Re: [PATCH v5 09/14] sched: Add over-utilization/tipping point indicator

From: Vincent Guittot
Date: Mon Aug 06 2018 - 06:45:58 EST


On Mon, 6 Aug 2018 at 11:43, Quentin Perret <quentin.perret@xxxxxxx> wrote:
>
> On Monday 06 Aug 2018 at 10:40:46 (+0200), Vincent Guittot wrote:
> > On Fri, 3 Aug 2018 at 17:55, Quentin Perret <quentin.perret@xxxxxxx> wrote:
> > For every new task, the cpu selection is done assuming it's a heavy
> > task with the max possible load_avg, and it looks for the idlest cpu.
> > This means that if the system is lightly loaded, scheduler will select
> > most probably a idle big core.
>
> Agreed, that is what should happen if the system is lightly loaded.
> However, I'm still not totally convinced this is wrong. It's
> definitely not _always_ wrong, at least. Just like starting new tasks
> on little CPUs isn't always wrong either.

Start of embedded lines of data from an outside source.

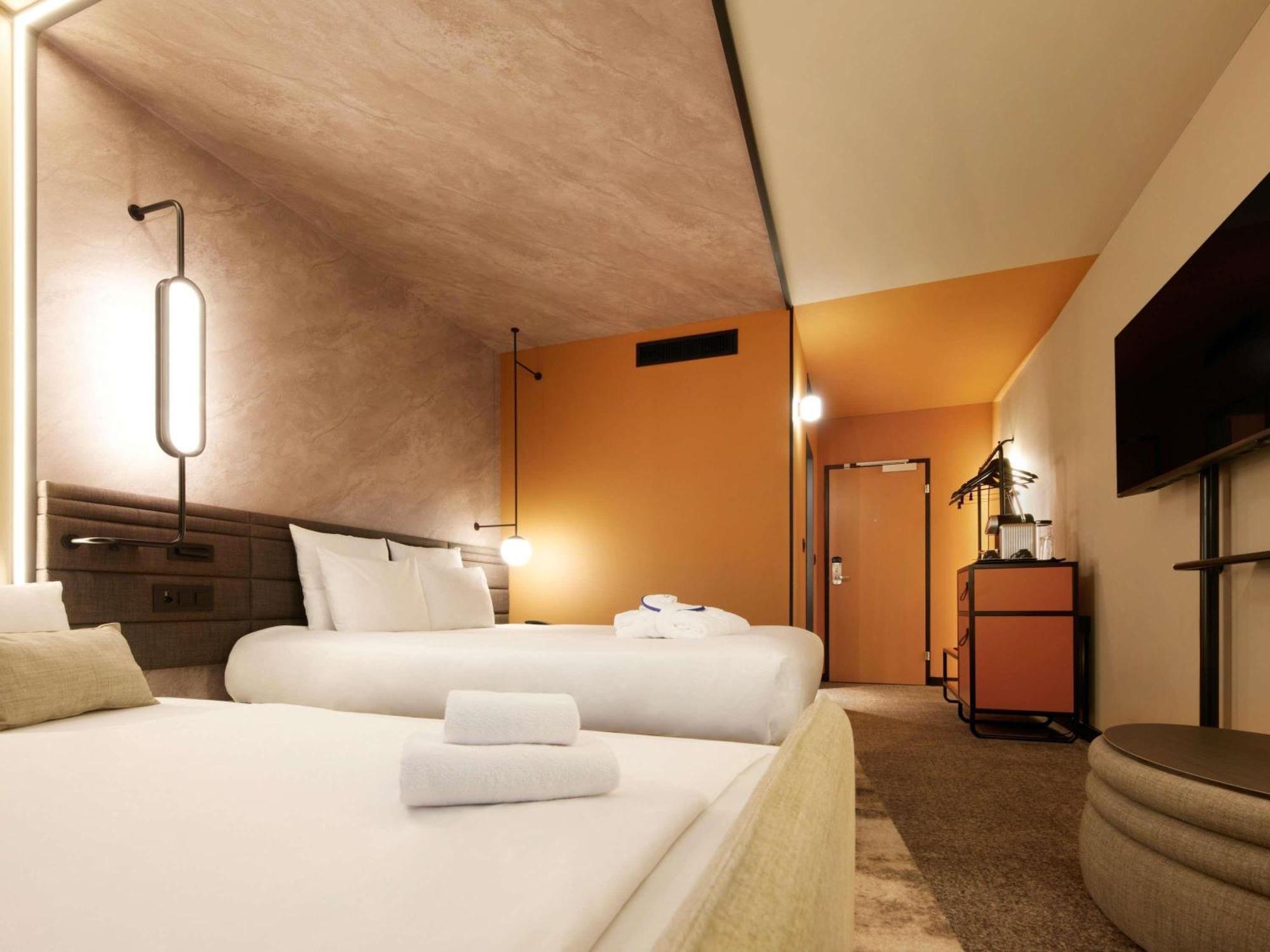 Executive Room Double Bed Sofa,1704857304:JPEG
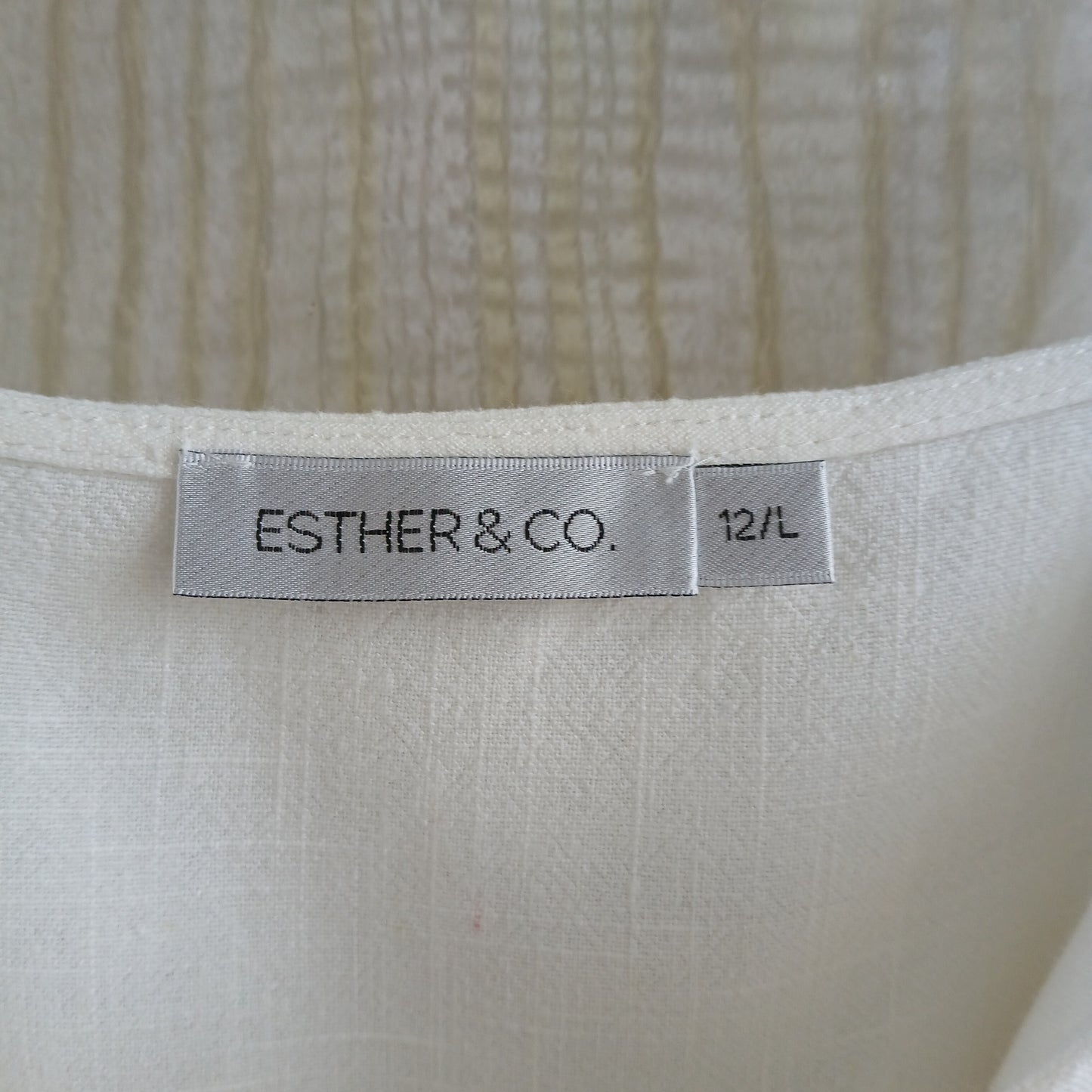 (12/L) Esther&Co White Crop Blouse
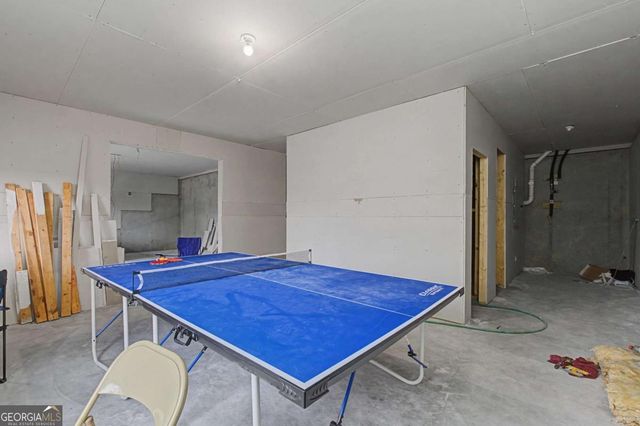 108 Mcginnis Circle, Calhoun, GA 30701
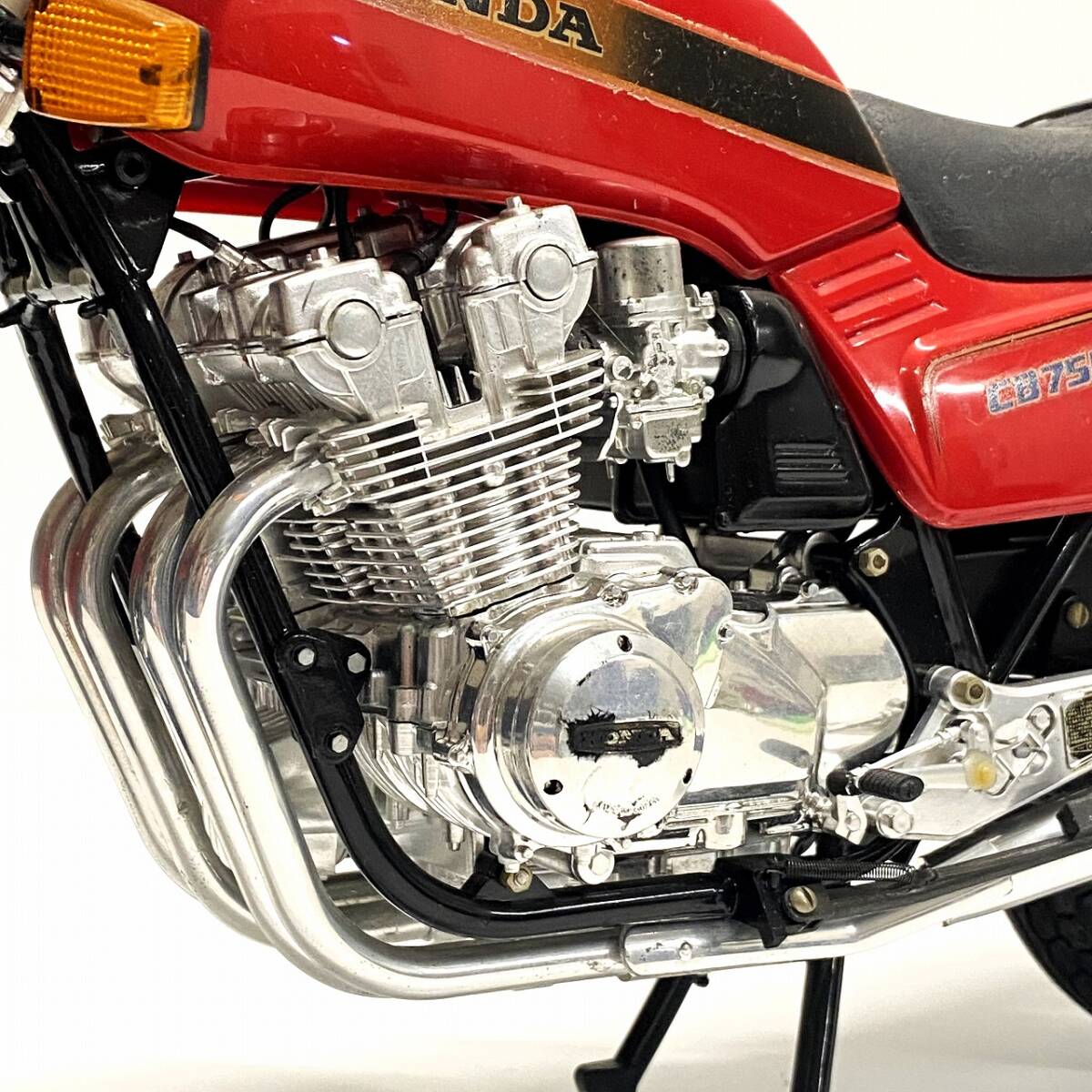 【ジャンク】タミヤ 1/6 HONDA CB750-F 完成品 _画像4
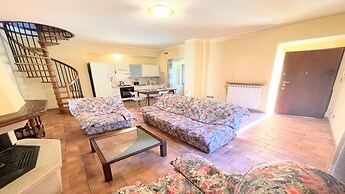 Spoleto Storico Spacious City House - car Unnecessary - Wifi - Sleeps 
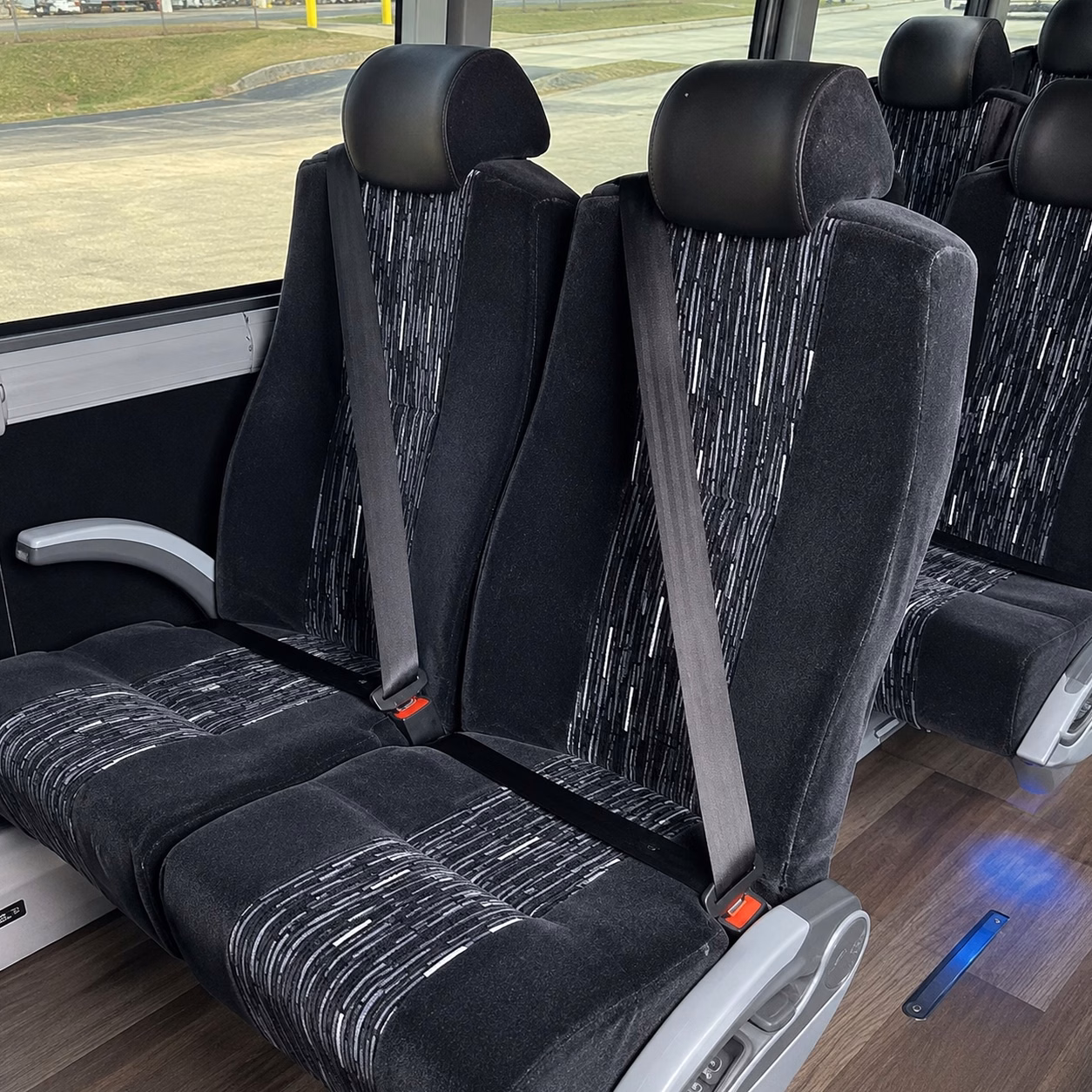 charter buses to detroit lions games at ford field from sterling heights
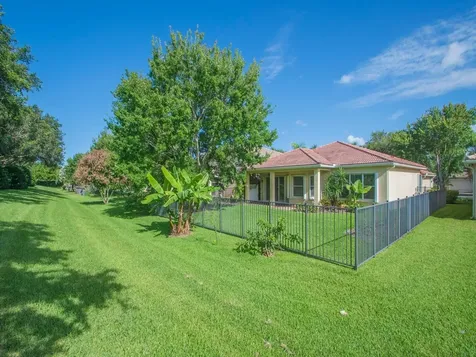1929 Grey Falcon Circle SW Vero Beach FL 32962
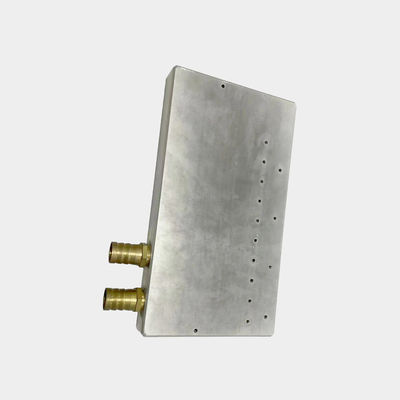 Conducción de tornillo de montaje de aluminio placa de frío disipador de calor para diversos dispositivos electrónicos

As explained before, IMHO, this is not wrong if you looks for
performance but this is wrong if you looks for power saving

>
> > selecting big or Little is not the problem here. The problem is that
> > we don't use Energy Model so we will most probably do the wrong
> > choice. Nevertheless, putting a task on big is clearly the wrong
> > choice in the case I mentioned above " shell script on hikey960".
>
> _You_ can say it's wrong because _you_ know the task composition. The
> scheduler has no way to tell. You could come up with a script that
> spawns heavy tasks every once in a while, and in this case putting
> those on big cores would be beneficial ...
>
> > Having something in the middle like taking into account load and/org
> > utilization of the parent in order to mitigate big task starting with
> > small utilization and small task starting with big utilization.
> > It's probably not perfect because big tasks can create small ones and
> > the opposite but if there are already big tasks, assuming that the new
> > one is also a big one should have less power impact as we are already
> > consuming power for the current bigs. At the opposite, if little are
> > running, assuming that new task is little will not harm the power
> > consumption unnecessarily.
>
> Right, we can definitely come up with something more conservative than
> what I'm currently proposing. I had a quick chat with Morten about this
> the other day and one suggestion he had was to pick the CPU with the max
> spare cap in the frequency domain in which the parent task is running ...
>
> In any case, I really feel like there isn't an obvious right decision
> here, so I'd prefer to keep things simple for now. This patch-set is a
> first step, and fine-grained tuning for new tasks is probably something
> that can be done later, if need be. What do you think ?

I would have preferred to have a full power policy for all task when
EAS is in used by default and then see if there is any performance
problem instead of letting some UC unclear but that's a personal
opinion.
so IMO, the minimum is to add a comment in the code that describes
this behavior for fork tasks so people will understand why EAS puts
newly created task on not "EAS friendly" cpus when they will look at
the code trying to understand the behavior

>
> Thanks,
> Quentin